Paradossalmente, quello era l'unico modo che aveva per ricambiare e portare rispetto a tutti quelli che erano già morti per il suo sogno, e a quelli che sarebbero morti per esso.

Grifis non è un egoista, anche se lo sembra a un primo sguardo. In realtà quando ha iniziato la sua scalata verso il sogno, non si rendeva conto di quello che stava facendo (la storia ce lo presenta come un bambino a quei tempi), e si è reso conto di essere, quando ormai era troppo tardi, intrappolato in un crescendo di responsabilità e colpe, tra l'impossibilità di tornare indietro per non vanificare il sacrificio sincero di coloro che erano morti per fargli da scalini fino al sogno, e la consapevolezza orribile che altri avrebbero seguito la stessa sorte.

Era naturale che con tutti quei precedenti si sentisse costretto ad andare avanti.

La montagna di cadaveri era già iniziata e rinunciare sarebbe stato un insulto.

Grifis per tutto il tempo si è sentito soprattutto solo perché non poteva affezionarsi a qualcuno disposto a sacrificarsi per lui, sarebbe stato troppo doloroso. E' questo il senso del discorso che fa a Gatsu, quando gli rivela che non potrebbe essere amico se non di "un uomo uguale a sé stesso". In queste parole non c'è vanità, ma il desiderio di un rapporto paritario nei ruoli e quindi di poter considerare l'altro una persona libera, la cui vita non dipendesse dalle sue scelte e su cui non potesse avere colpa in caso di morte.

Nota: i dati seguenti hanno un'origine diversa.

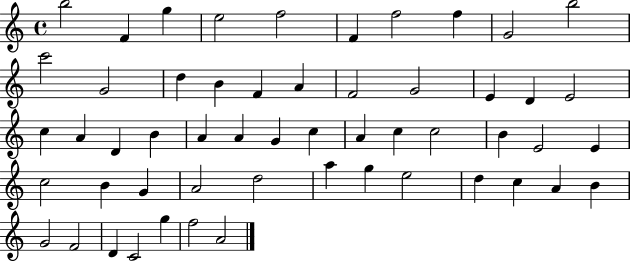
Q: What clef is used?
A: treble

Gli altri, quelli destinati a fargli da scala, erano da questo punto di vista solo uno strumento. Infatti lui considerava Gatsu una sua proprietà, e solo quando questi ha deciso di andarsene, dimostrando di non avere il ruolo che Grifis si aspettava per lui, che Grifis ha iniziato a stimarlo e rispettarlo davvero.

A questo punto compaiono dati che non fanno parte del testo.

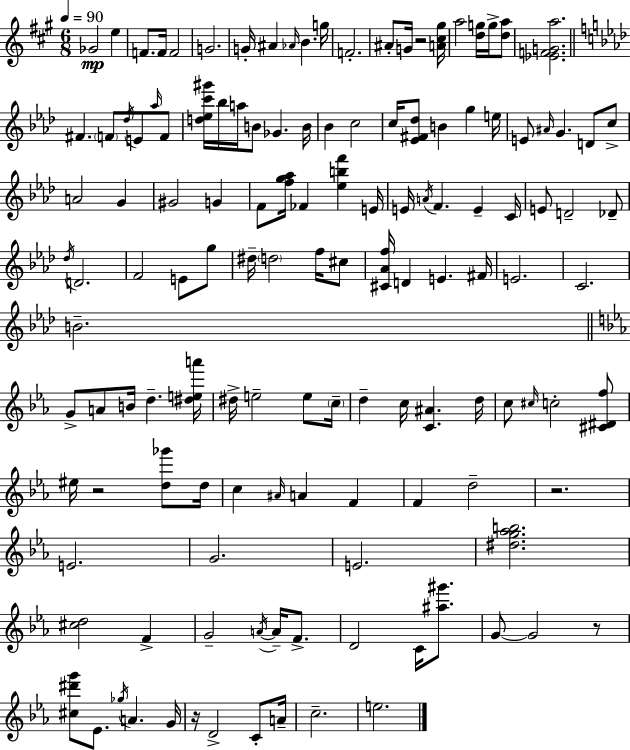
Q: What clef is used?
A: treble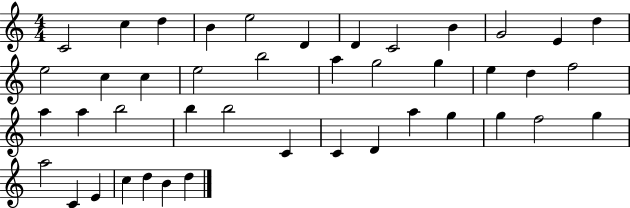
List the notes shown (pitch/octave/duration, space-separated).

C4/h C5/q D5/q B4/q E5/h D4/q D4/q C4/h B4/q G4/h E4/q D5/q E5/h C5/q C5/q E5/h B5/h A5/q G5/h G5/q E5/q D5/q F5/h A5/q A5/q B5/h B5/q B5/h C4/q C4/q D4/q A5/q G5/q G5/q F5/h G5/q A5/h C4/q E4/q C5/q D5/q B4/q D5/q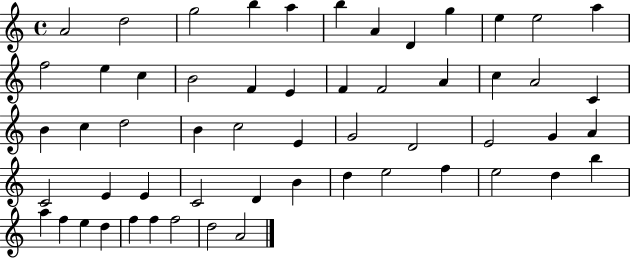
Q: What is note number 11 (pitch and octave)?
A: E5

L'unico modo che aveva per considerare Gatsu un amico era privarsene, metterlo al riparo da sé stesso.

Anche questo è confermato nel manga, Grifis afferma che di tutte le persone che ha conosciuto, solo Gatsu è stato importante quasi quanto il suo sogno.

Caska non ha capito niente di tutto questo e pensava di potersi avvicinare a Grifis aiutandolo a realizzarsi, è ovvio il motivo per cui abbia fallito.

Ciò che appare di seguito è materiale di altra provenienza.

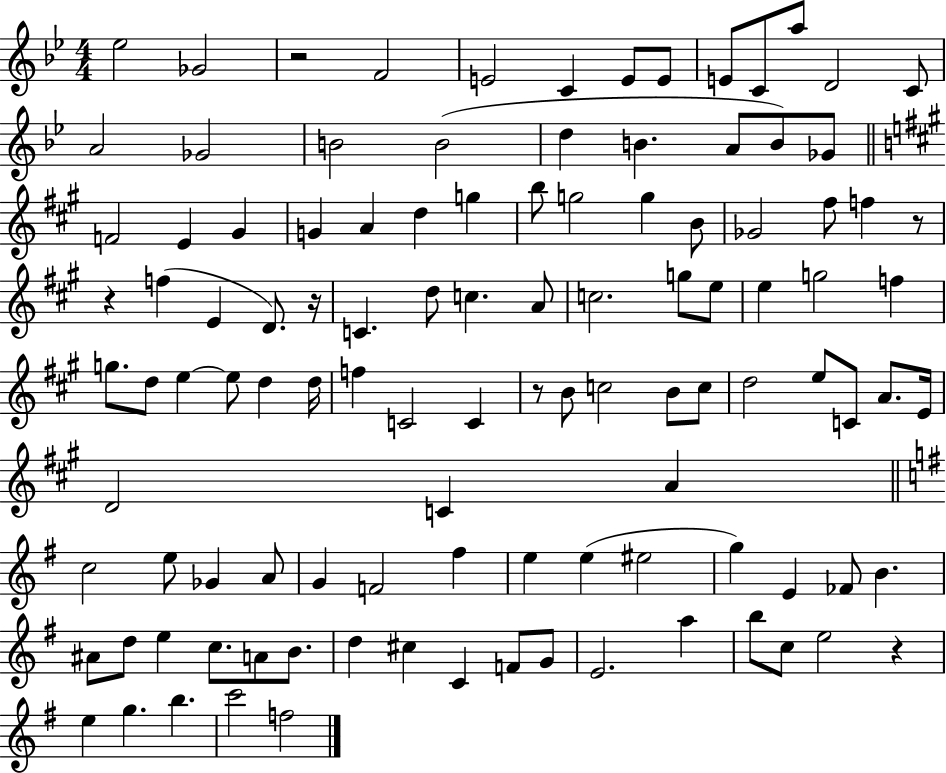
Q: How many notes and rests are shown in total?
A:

Io, che dire... certo, l'ho odiato quando ho letto quello che è successo.

Ma bisogna riconoscere che Berserk è così bello anche grazie alla presenza di un personaggio tormentato e drammatico come Grifis.

Certe volte mi chiedo come possa essere la stessa persona il genio che ha inventato questa storia e l'incompetente tolkien wannabe che la sta portando avanti.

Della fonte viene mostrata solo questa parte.